Namun, menurut Adri, yang perlu untuk diketahui adalah, segala upaya untuk meningkatkan kesejahteraan dan mutu guru sudah dilaksanakan pada zaman kepemimpinan SBY. Di mana guru dipaksa untuk menjalankan banyak aplikasi yang disediakan pemerintah, hingga system online yang digunakan untuk menjamin kualitas guru. Tapi nyatanya, permasalahan kesejahteraan guru tidak kunjung tuntas, terutama permasalahan guru honorer. Bahkan yang dirugikan adalah siswa sekolah, karena menjadi terbengkalai disebabkan repotnya guru mengurusi semua aplikasi yang disediakan pemerintah.
Adri menilai, permasalahan yang sering terjadi dalam kesejahteraan guru bukanlah persoalan besaran gaji yang diterima, melainkan ketimpangan kesejahteraan antara guru honorer dengan guru PNS. Sedangkan pekerjaan yang diemban oleh masing-masing guru adalah sama.
“Lebih jelas lagi, persoalan guru adalah masa mengajar.

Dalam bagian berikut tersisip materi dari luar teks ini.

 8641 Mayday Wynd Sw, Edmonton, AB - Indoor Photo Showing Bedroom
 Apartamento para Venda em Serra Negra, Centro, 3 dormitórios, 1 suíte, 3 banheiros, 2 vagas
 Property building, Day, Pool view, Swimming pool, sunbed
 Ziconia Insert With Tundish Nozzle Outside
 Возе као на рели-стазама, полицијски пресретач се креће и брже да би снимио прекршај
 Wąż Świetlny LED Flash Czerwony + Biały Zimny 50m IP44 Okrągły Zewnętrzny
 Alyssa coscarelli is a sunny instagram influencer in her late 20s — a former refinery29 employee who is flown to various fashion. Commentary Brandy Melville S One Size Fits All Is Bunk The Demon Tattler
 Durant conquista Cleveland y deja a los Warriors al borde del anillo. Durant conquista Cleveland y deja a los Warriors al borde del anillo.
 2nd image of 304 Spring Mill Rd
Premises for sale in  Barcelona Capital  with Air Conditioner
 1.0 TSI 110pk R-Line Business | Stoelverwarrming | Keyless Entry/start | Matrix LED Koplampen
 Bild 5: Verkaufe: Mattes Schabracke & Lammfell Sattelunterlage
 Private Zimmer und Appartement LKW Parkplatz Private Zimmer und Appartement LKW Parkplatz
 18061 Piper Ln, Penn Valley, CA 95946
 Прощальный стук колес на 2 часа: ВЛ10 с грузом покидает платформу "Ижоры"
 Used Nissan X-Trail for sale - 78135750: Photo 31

Ada guru yang telah lama mengajar, tetapi tidak pernah diangkat menjadi PNS hanya karena guru tersebut tidak memiliki kemampuan untuk menyelesaikan study S1. Ada pula guru honorer yang sudah menyelesaikan study S1, tapi tidak kunjung diangkat menjadi guru PNS hanya karena sering terjadi jual-beli jabatan yang tidak dapat terdeteksi oleh pihak berwenang,” jelas Adri.
Maka dari itu, Adri mengungkapkan, janji capres untuk menggaji guru demi kesejahteraan guru jangan dilihat dari besaran nominal yang diberikan, tapi asas keadilan bagi semua guru yang ada. Sehingga, janji gaji Rp 20 juta per bulan untuk guru tidak hanya menjadi pencitraan politik, tapi juga bicara tentang permasalahan guru secara menyeluruh.
“Jika gaji guru-guru dinaikkan menjadi Rp 20 juta per bulan, maka kita akan mengalami fase kemunduran. Di mana guru akan lebih disibukkan dengan menaikkan gradenya sebagai guru dengan banyaknya aplikasi mutu guru, ketimbang meningkatkan pendidikan, potensi dan kompetensi siswa di sekolah serta kebutuhan operasional sekolah. Karena anggaran Negara yang ada habis digunakan hanya untuk menggaji guru dengan hasil anak didik yang tidak terurus,” pungkas Adri.